Please repeat only the lines below starting at the line that holds "Coolmore Mid Century" and ending at the line that holds "SUMMER BIRDS CASHMERE SCARF", exactly, with both of those lines included and every picture omitted.

▸ SOURCE DATA
---

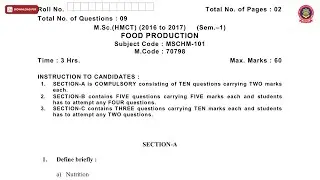 MSC 1ST SEM HMCT FOOD PRODUCTION NOV 2019 | PTU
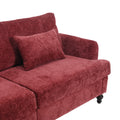 Coolmore Mid Century Modern Chenille Fabric Loveseat Sofa, 2 Seat Upholstered Loveseat Sofa Modern Couch For Living Room,Brown Wood Feet Sofa For Bedroom, Reading Wine Red Chenille Wine Red Chenille 2 Seat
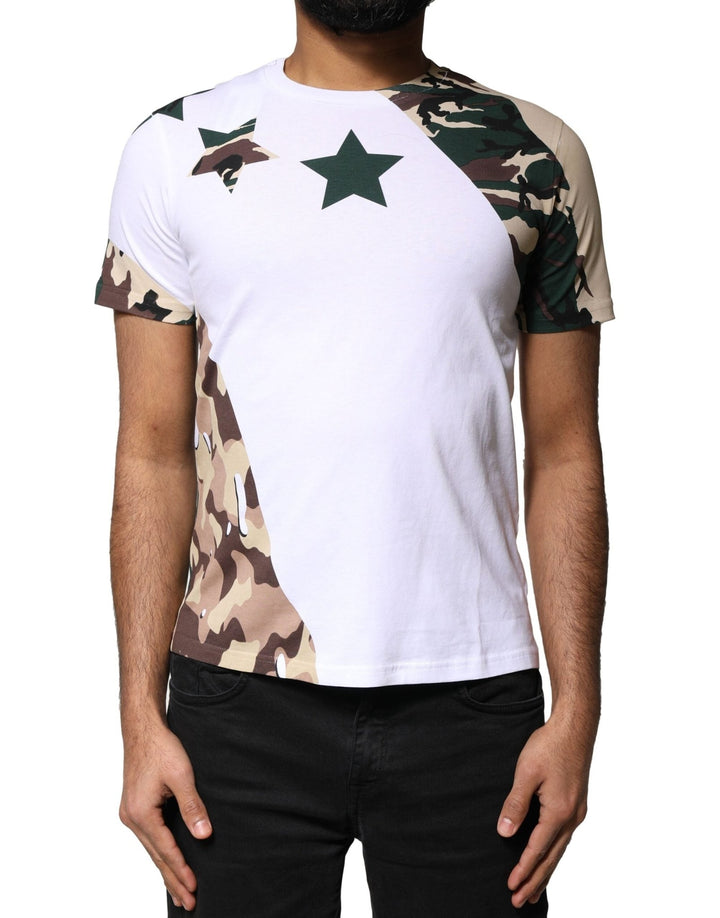 Dolce & Gabbana White Camouflage Stars Crew Neck T-shirt - RIMODA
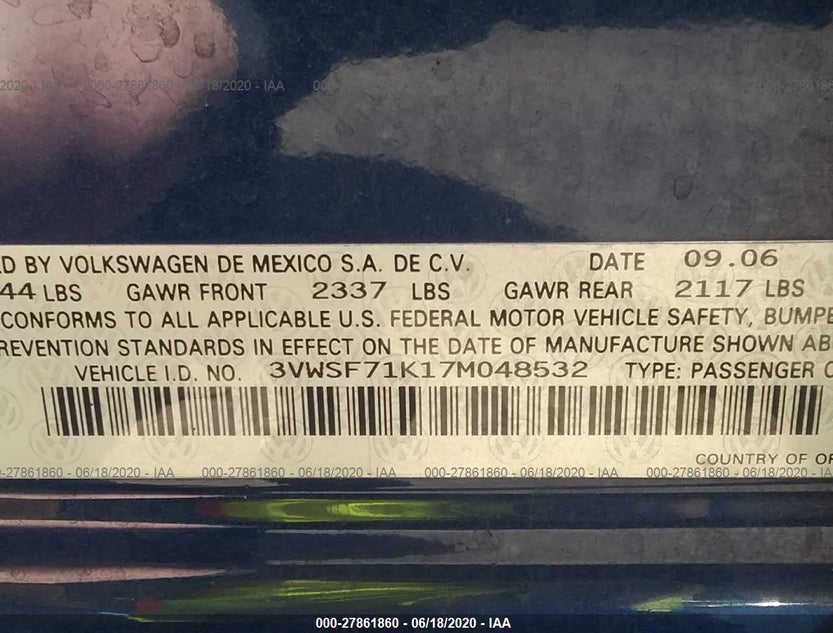 3VWSF71K17M048532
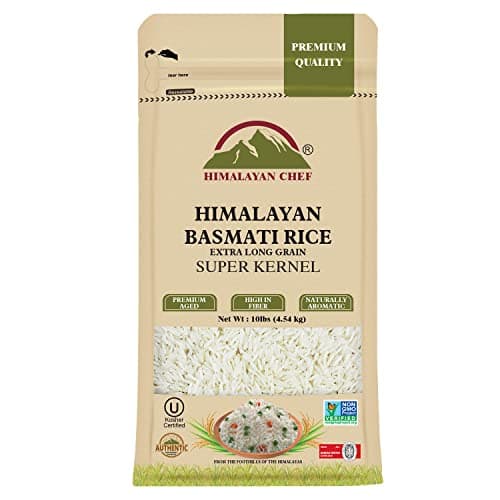 Himalayan Chef Basmati Rice, Natural Extra Long Grain Super Kernal Rice, Premium Quality, Quick Cooking Aromatic, Non-GMO, Halal and Kosher Certified - 10 lbs - Image 1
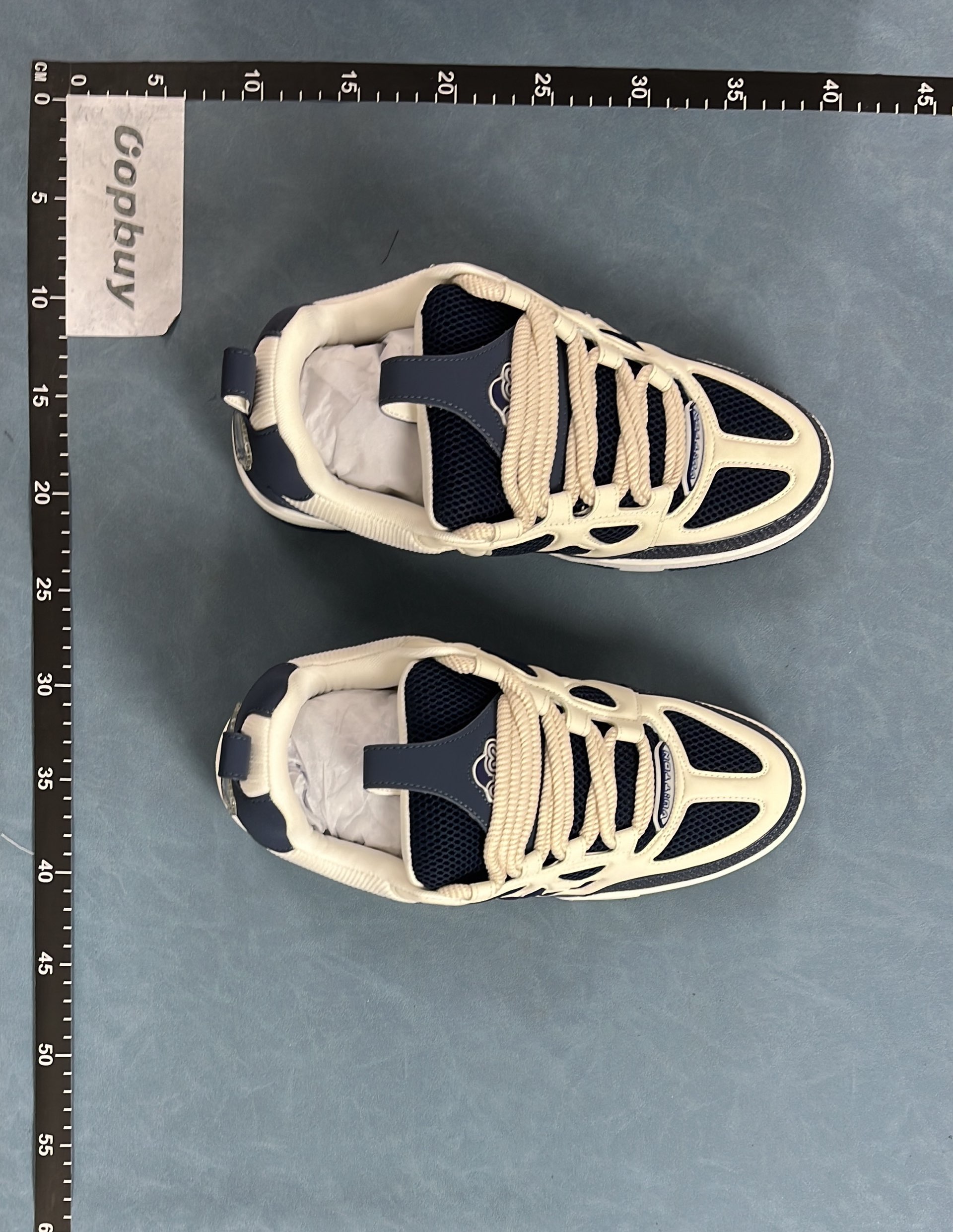 LV Trainer Sneakers Blue White Men Women Luxury Fashion
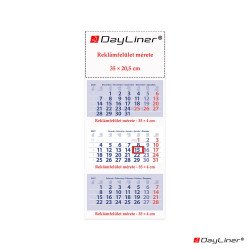 Speditőr naptár 3 tömb, 3 hónap Maxi Club 350 × 820 mm, fehér lapokkal Fejrész üres Dayliner 2027. Napló Dayliner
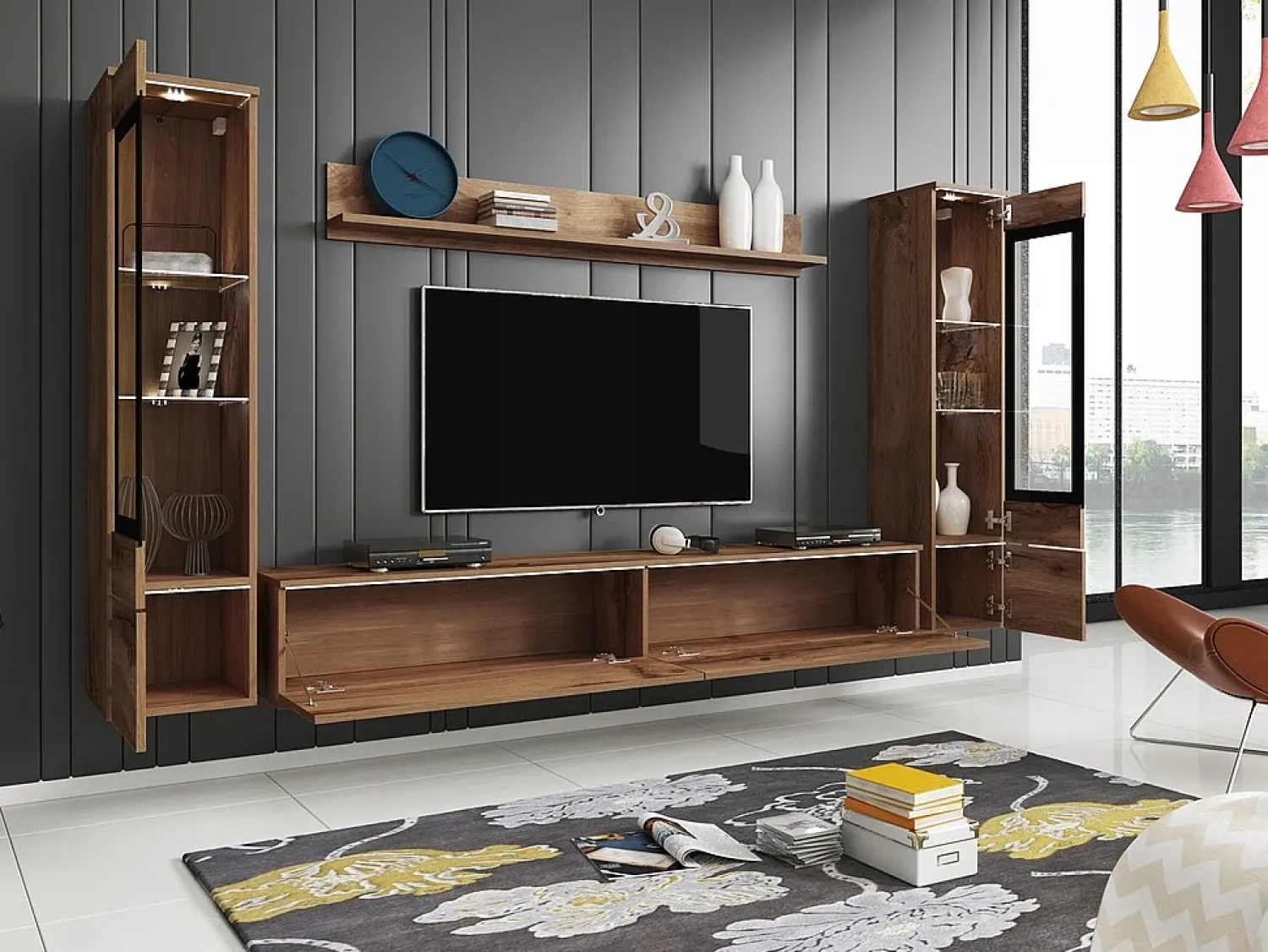 Sale Conjunto de móveis para sala com LED 4 elementos – rack 180 cm, 2 vitrines e prateleira, composição de parede de pé ou suspensa carvalho Wotan Natural escuro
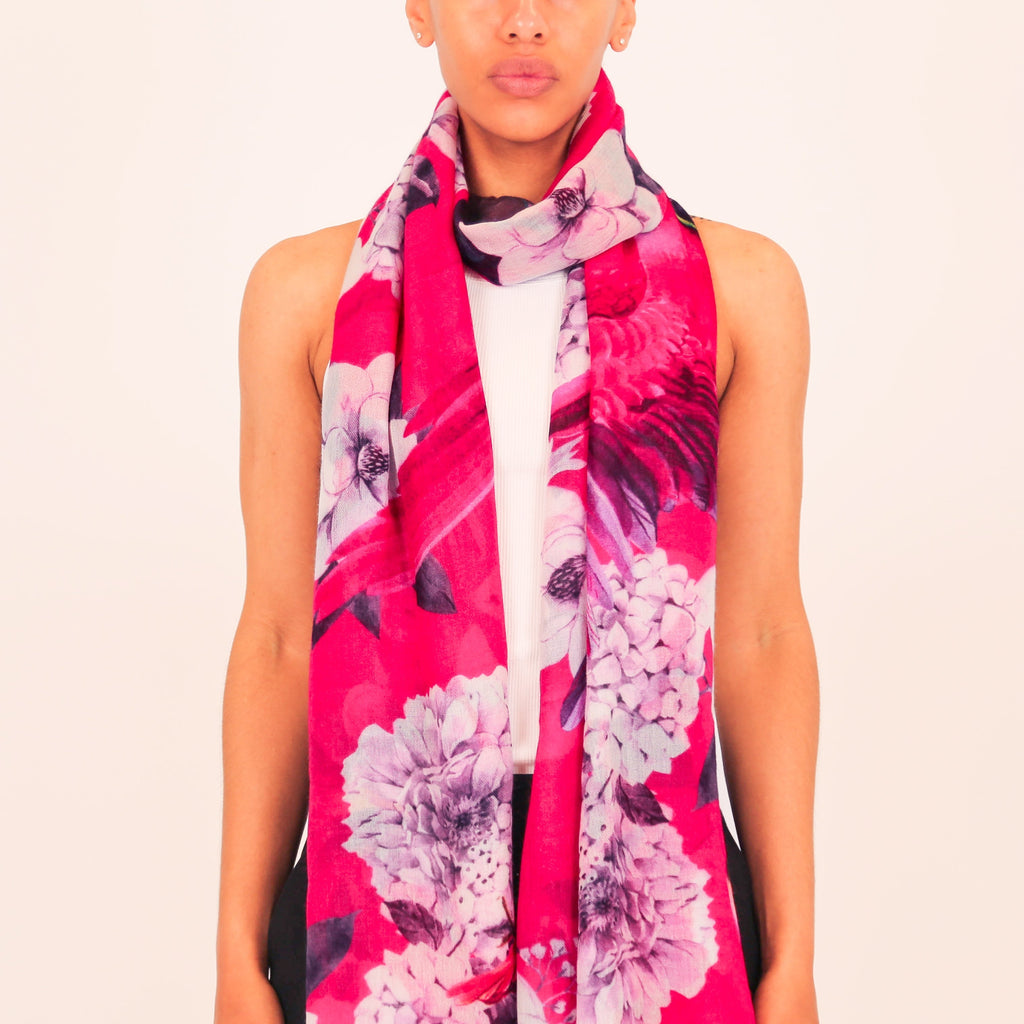 SUMMER BIRDS CASHMERE SCARF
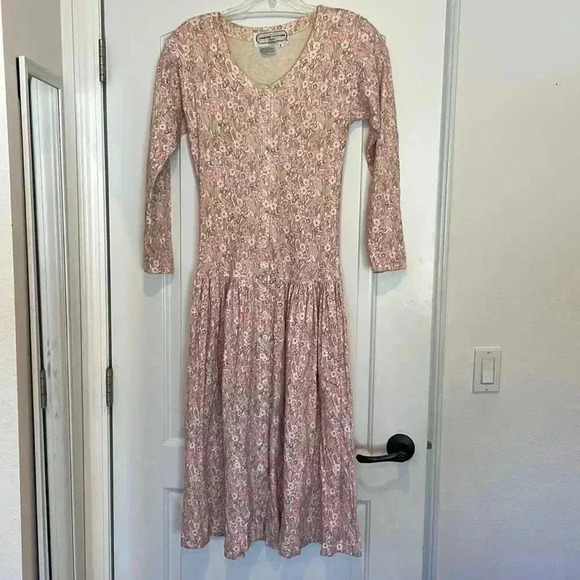 Vintage Adrienne Vittadini Floral Cottogecore Dress Shoulder Pads Sz S - Picture 1 of 7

---

▸ TASK SOLUTION
 Coolmore Mid Century Modern Chenille Fabric Loveseat Sofa, 2 Seat Upholstered Loveseat Sofa Modern Couch For Living Room,Brown Wood Feet Sofa For Bedroom, Reading Wine Red Chenille Wine Red Chenille 2 Seat
 Dolce & Gabbana White Camouflage Stars Crew Neck T-shirt - RIMODA
 3VWSF71K17M048532
 Himalayan Chef Basmati Rice, Natural Extra Long Grain Super Kernal Rice, Premium Quality, Quick Cooking Aromatic, Non-GMO, Halal and Kosher Certified - 10 lbs - Image 1
 LV Trainer Sneakers Blue White Men Women Luxury Fashion
 Speditőr naptár 3 tömb, 3 hónap Maxi Club 350 × 820 mm, fehér lapokkal Fejrész üres Dayliner 2027. Napló Dayliner
 Sale Conjunto de móveis para sala com LED 4 elementos – rack 180 cm, 2 vitrines e prateleira, composição de parede de pé ou suspensa carvalho Wotan Natural escuro
 SUMMER BIRDS CASHMERE SCARF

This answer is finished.